According to a 2009 study published by a group of researchers at the University of California, Santa Barbara, Oregon State University and the National Marine Fisheries Service, no-take reserves on average produce four times as much fish and these fish are 25 percent larger. Larger fish produce many more offspring, which in turn migrate to neighboring areas where fishing can take place.

“There is clearly momentum. There is implicit peer pressure” among world leaders, Sala said in an interview Thursday. Now that there’s an annual global ocean conference, he added, “People don’t to be the ones who didn’t announce anything.”

[A man on a mission: protecting the last wild oceans on Earth]

Some nations, such as Palau, see these reserves as a way to boost tourism. The protections ensure visitors can see some of the prized species remote islands are known for, and provide a branding opportunity in the same way UNESCO’s World Heritage sites have done for many countries.

Elliott Norse, founder and chief scientist of the Marine Conservation Institute, started championing the idea of a global competition among world leaders to designate marine reserves in 2004. In an interview Wednesday, he said heads of states are now willing to act on researchers’ advice because “What the smartest most creative people had been saying, that protecting places in the ocean really works, is now demonstrable with such a high degree of certainty.”

The first world leader to respond to this lobbying effort was an unlikely target: George W. Bush, who designated the Northwestern Hawaiian Islands as a national monument in 2006. In 2008, shortly before leaving office, Bush put a large swath of the Pacific off limits to development when he declared three national marine monuments there.

Despite the recent flurry of designations, only 1.9 percent of the ocean is currently under the strictest protections. Many scientists and conservation groups advocate putting 30 percent of the ocean under full protection.

Advocates are pressing the leaders of several nations to put more of the sea off limits. Other potential reserves include Clipperton Island, an uninhabited island in the eastern Pacific Ocean under France’s control, and part of the area surrounding Ecuador’s Galapagos Islands. In the U.S., ocean activists have pushed the Obama administration to consider protecting a couple of zones in New England, including Cashes Ledge, and in the Arctic Ocean off Alaska.


Yellowtail Fusilier (Richard Brooks/The Pew Charitable Trusts)

The new announcement by Palau has several unique aspects to it: The country is protecting fully 80 percent of its waters, a remarkably high percentage. The remaining 20 percent will be a zone reserved only for local fishing and some other relatively small scale or non-industrial fishing.

Palau has also launched a number of other conservation initiatives including the world’s first shark sanctuary in 2009. For the island nation, protecting its natural resources makes a great deal of sense — tourism to the islands is one of the primary sources of economic revenue, especially for diving. And it has now added a protected area bigger than California.

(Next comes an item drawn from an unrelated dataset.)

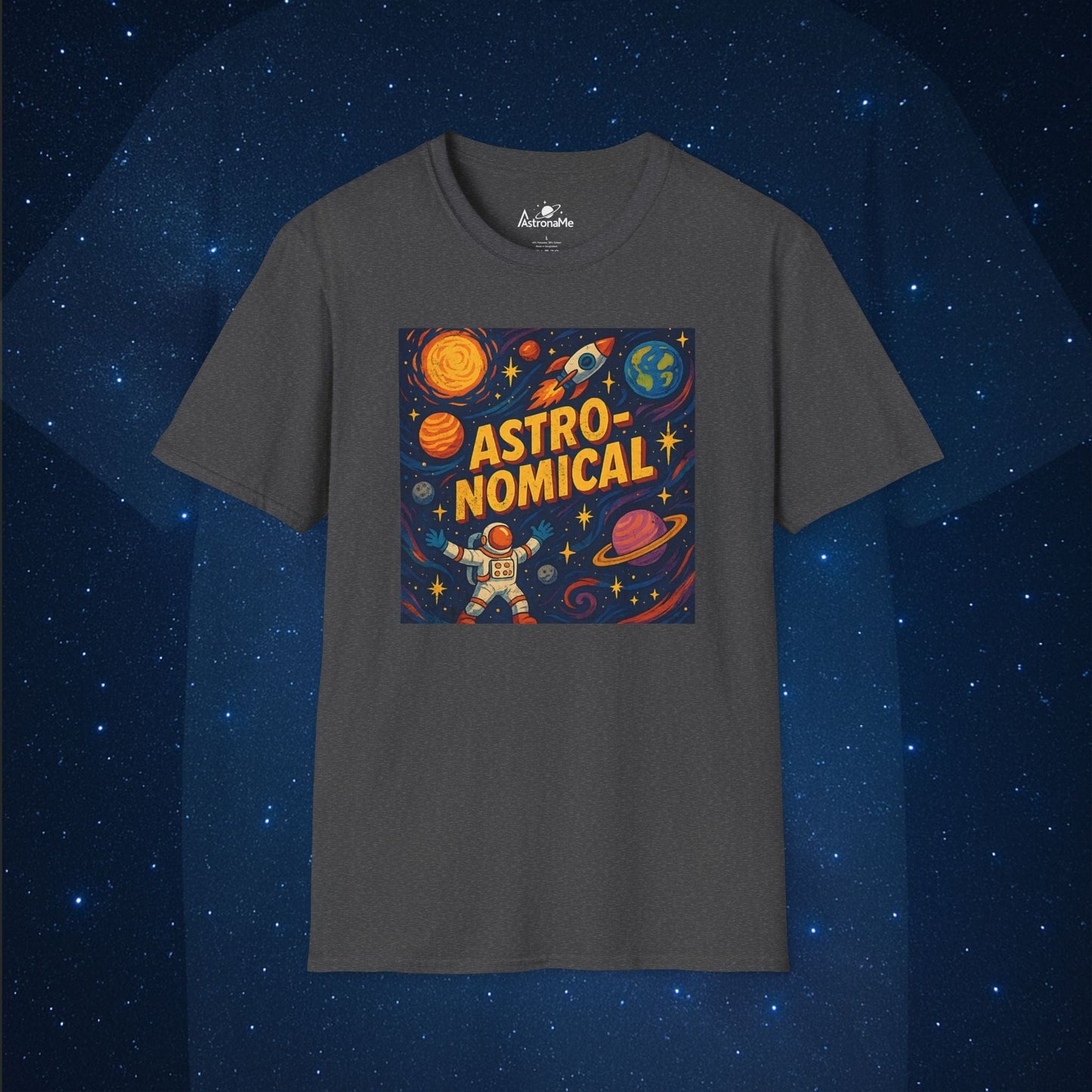 Astro-Nomical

Palua, located in the Western Pacific ocean off the Philippines, was formerly a “trust territory” of the United States — it became independent in 1994.

“The scale of protection on the oceans far exceeds what takes place on the land,” said Pew’s Rand. “These marine reserves are massive in size, and really, just a few of the marine reserves together is larger than our whole national parks system.”

Even with these recent designations, the task of protecting these areas remains unfinished. Some critics have questioned how countries will protect these large areas, given the fact that many nations lack the capacity to mount regular patrols. While most are remote, large fishing vessels with an economic incentive to extract their resources can still travel there, though some groups are working to monitor the vessels’ movements through satellite imagery.